Hari ini, 10 Oktober, adalah Hari Kesehatan Jiwa Sedunia. Sayangnya persoalan kesehatan jiwa di Indonesia masih menjadi isu marjinal. Diskursus tentang kesehatan jiwa seringnya diselimuti mitos, yang tak jarang menghasilkan stigma dan diskriminasi tak berkesudahan bagi orang dengan disabilitas psikososial (ODP).

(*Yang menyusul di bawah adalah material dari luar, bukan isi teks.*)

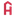 Favicon van rodenhuisfd.nl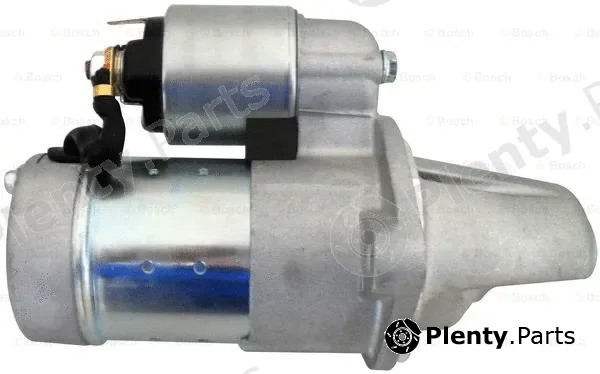 Bosch F042200081 — Starter ECO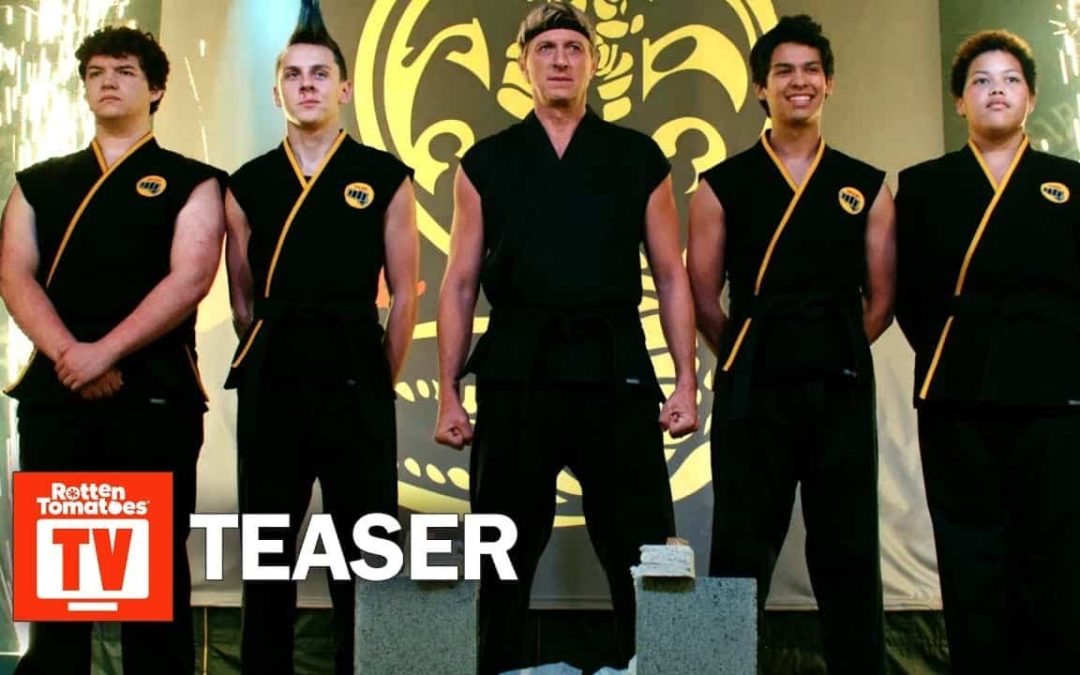 Vapaa XXX kuvia ja videoita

Masyarakat masih sering menganggap orang dengan disabilitas psikososial sebagai individu yang tidak mampu berpikir rasional, sulit diajak bicara, dan membahayakan masyarakat atau kerap berbuat onar. Selain stigma, orang dengan disabilitas psikososial juga sering mengalami kekerasan. Temuan LBH Masyarakat tahun 2017 menunjukkan setidaknya terdapat 159 orang dengan disabilitas psikososial mengalami kekerasan. Bentuk kekerasannya pun beragam dan dampaknya begitu mengkhawatirkan dampaknya, antara lain pemerkosaan, pembunuhan, pengeroyokan yang menyebabkan kematian, penelantaran, pengamanan paksa, hingga pemasungan. Orang dengan disabilitas psikososial juga mendapat kekerasan dalam panti rehabilitasi yang seharusnya menjadi tempat mereka menjalani perawatan. Tercatat ada 17,6% korban yang mengalami kekerasan saat berada di panti sosial.

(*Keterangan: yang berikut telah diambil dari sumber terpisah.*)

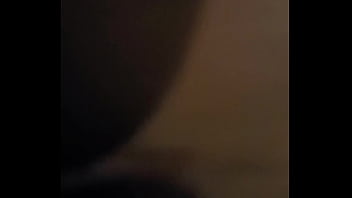 20160127 140604 20160127 140604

Meski pemerintah telah berkomitmen menciptakan Indonesia bebas pasung, nyatanya angka kekerasan berupa pasung masih menjadi yang tertinggi. Laporan LBH Masyarakat di 2017 juga menemukan bahwa terdapat korban pasung sebanyak 35,2%, di mana 6 kasus di antaranya merupakan kasus pemasungan anak-anak. Ada berbagai alasan keluarga melakukan pemasungan. Sebanyak 7,1% keluarga beralasan masalah finansial. Sementara 12,5% keluarga mengaku melakukan pasung untuk keselamatan korban, dan 62,5% untuk menjaga keselamatan orang lain. Alasan-alasan ini menunjukkan kurangnya informasi yang tepat dan masih abainya pemerintah terhadap permasalahan kesehatan jiwa.

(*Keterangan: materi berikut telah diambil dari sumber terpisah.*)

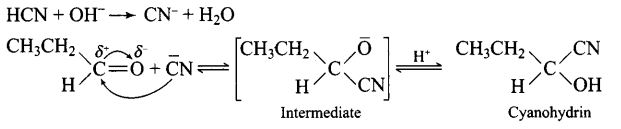 ncert-exemplar-problems-class-12-chemistry-aldehydes-ketones-and-carboxylic-acids-61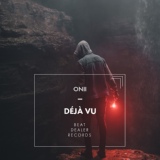 Обложка для Onii - Déjà Vu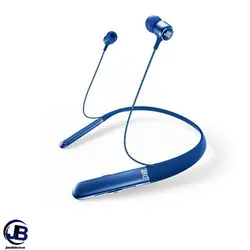 هندزفری بی سیم مدل JBL Live 200BT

Mengambil momentum 10 Oktober ini, LBH Masyarakat mendesak pemerintah untuk mengevaluasi kebijakan kesehatan jiwanya, mulai dari memperhatikan hak-hak orang dengan disabilitas psikososial. Dengan adanya Undang-Undang Kesehatan Jiwa Nomor 18 Tahun 2014 Tentang Kesehatan Jiwa, sudah seyogyanya pemerintah menjamin penuh perlindungan hak orang dengan disabilitas psikososial. Jika hak atas kebebasan fisik dan bebas dari kekerasan saja tidak dapat dilindungi oleh negara, bagaimana kita bisa memastikan orang dengan disabilitas psikososial memiliki hak atas politik, pendidikan, kesehatan, kehidupan yang layak, atau bahkan menjamin hak-hak mereka ketika berhadapan hukum.